**Work task**. Using the data below, set down every line from the one containing "We also have" through the one containing "We are whizzing", inclusive and unchanged. Pictures are to be skipped.

**Provided data**.
++++++++
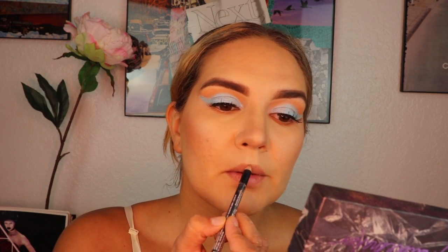To set everything in place I'm using the Catrice Prime and Fine setting spray, then further blending out with my Morphe sponge to make everything look nice and seamless. Then I'll be smudging that same color Bail Out on my lower lash line, and lastly for lips I'm using the NYX Cosmetics liner in the shade Sandstorm.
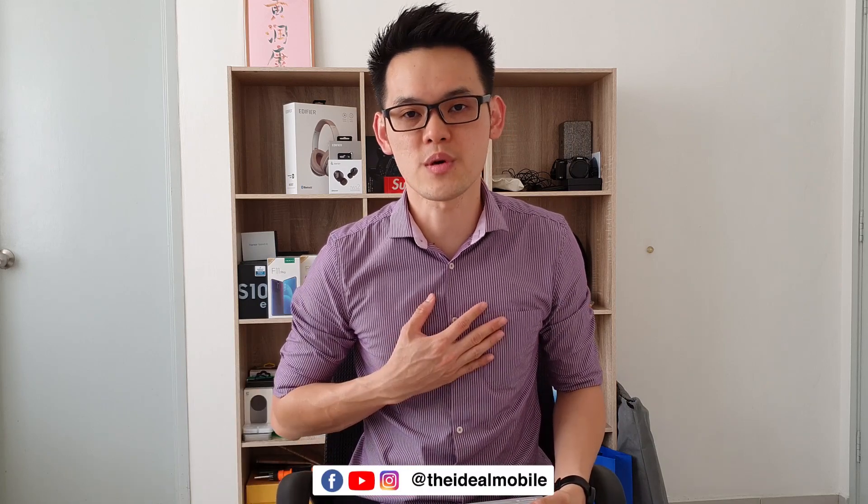So what do you think about this new headphone? Do leave your comment down below. A comprehensive review will be on our website very soon. Do follow us on social media — YouTube, Facebook, and Instagram. My name is Joshua Wong. Thank you for watching. Signing off.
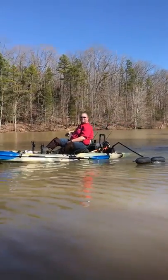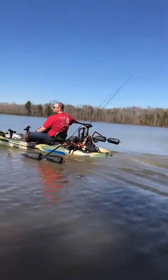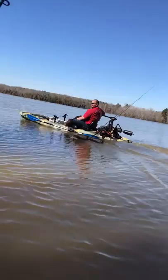We are ready to rock and roll. It is nice to be able to go that fast and turn on a dime.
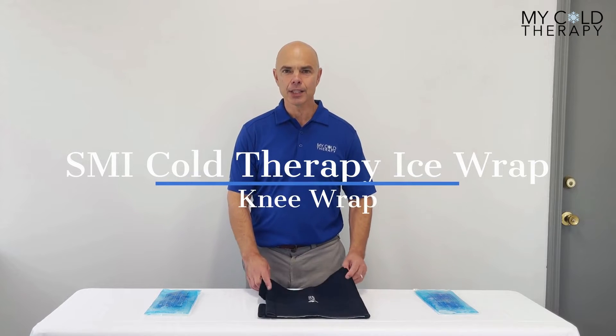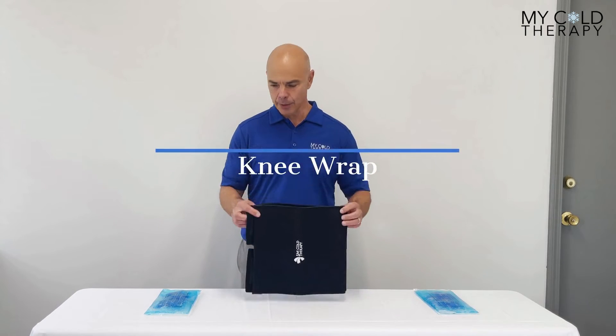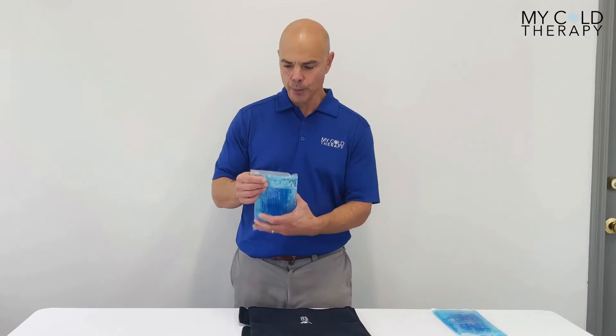This is Steve from iColdTherapy and today we're going to go over the SMI Cold Therapy Wrap. This is what it's going to look like when you get it in the mail. It comes with two gel packs.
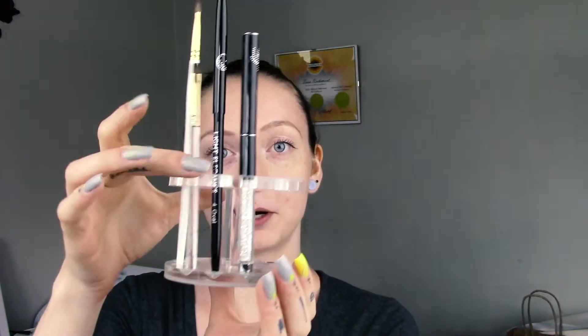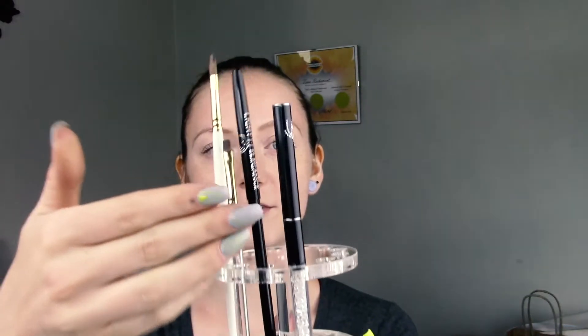We also have these awesome acrylic brush holders. You can see they fit your Uber Chic, your Light Elegance, both long and short nail basics — they fit all your daughter tools. These are really, really great.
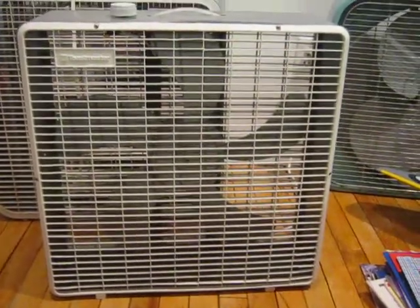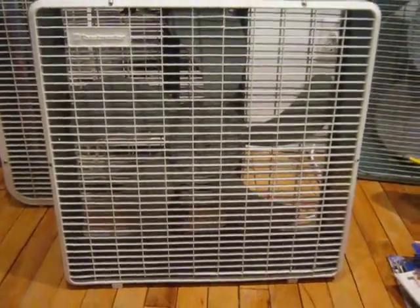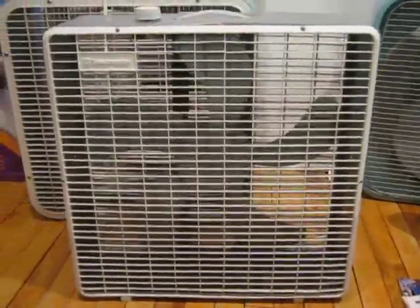Here's a fan I restored. This is a 1990s Toastmaster box fan. I had to completely repaint it — I found it in the trash — and I replaced the motor.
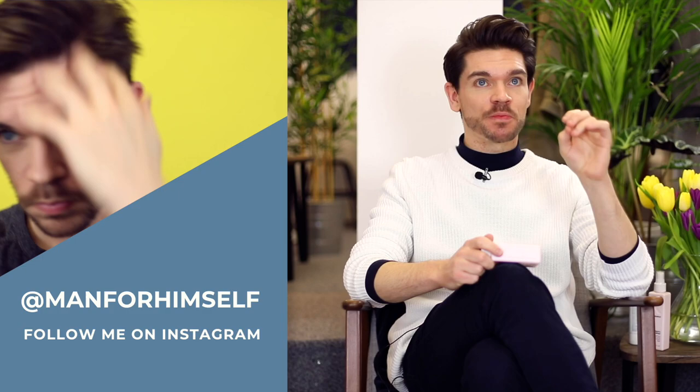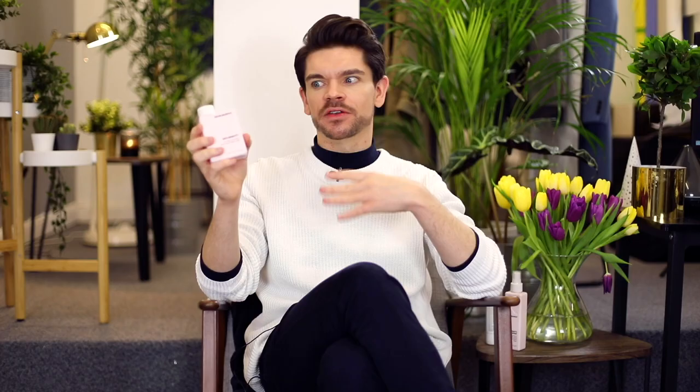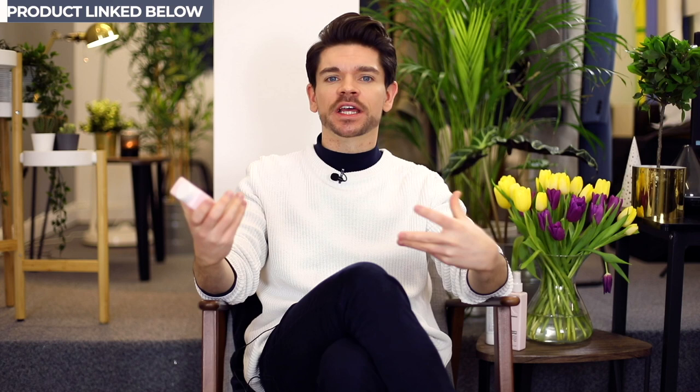We are whizzing through these. I'm taking on board all of your suggestions — I have a really long product review list, so I am listening, I promise. We will get through them. This one is about Kevin Murphy's Anti-Gravity Oil-Free Volumizer. You know I've spoken about Kevin Murphy before — it's an Australian brand and I absolutely love them.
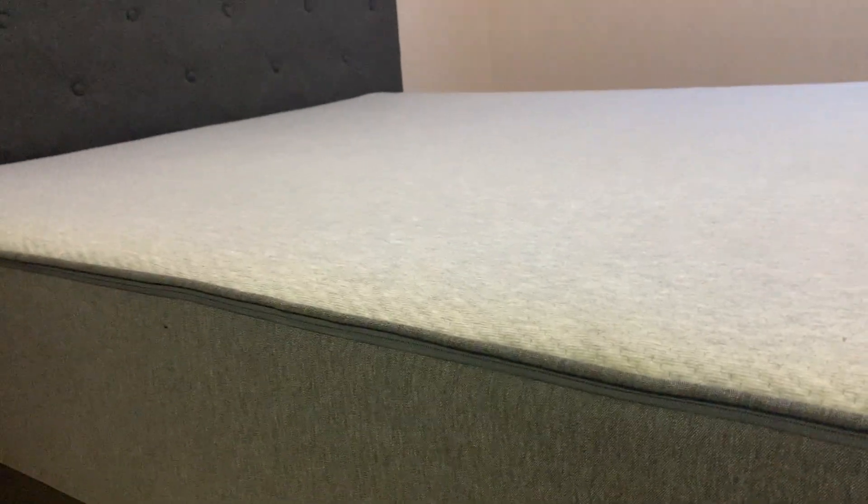Overall, this is a great mattress. It's the queen size and we absolutely love it. Like I said, we've been using it for two years and it's worked out great.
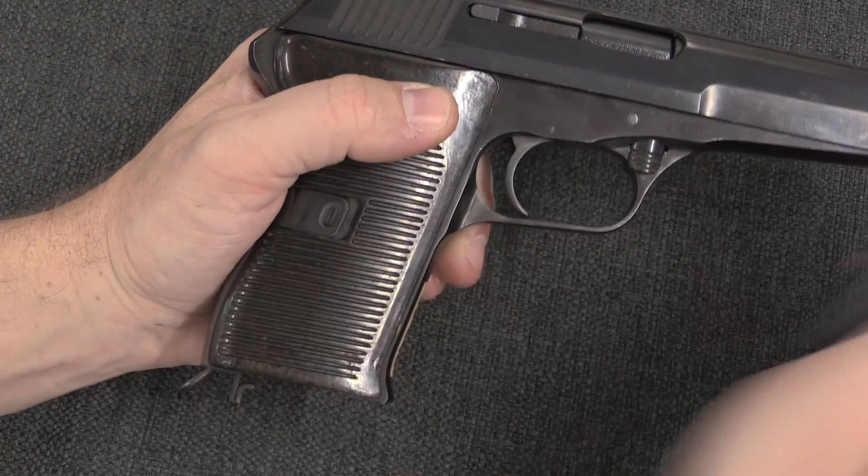It is an all-matching gun — the slide and frame are both matching, as is the barrel, despite the barrel being a 9mm Parabellum barrel. So we know this isn't just a conversion barrel dropped into an existing pistol.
++++++++
**Result of the task**.
We also have these awesome acrylic brush holders. You can see they fit your Uber Chic, your Light Elegance, both long and short nail basics — they fit all your daughter tools. These are really, really great.
Here's a fan I restored. This is a 1990s Toastmaster box fan. I had to completely repaint it — I found it in the trash — and I replaced the motor.
We are whizzing through these. I'm taking on board all of your suggestions — I have a really long product review list, so I am listening, I promise. We will get through them. This one is about Kevin Murphy's Anti-Gravity Oil-Free Volumizer. You know I've spoken about Kevin Murphy before — it's an Australian brand and I absolutely love them.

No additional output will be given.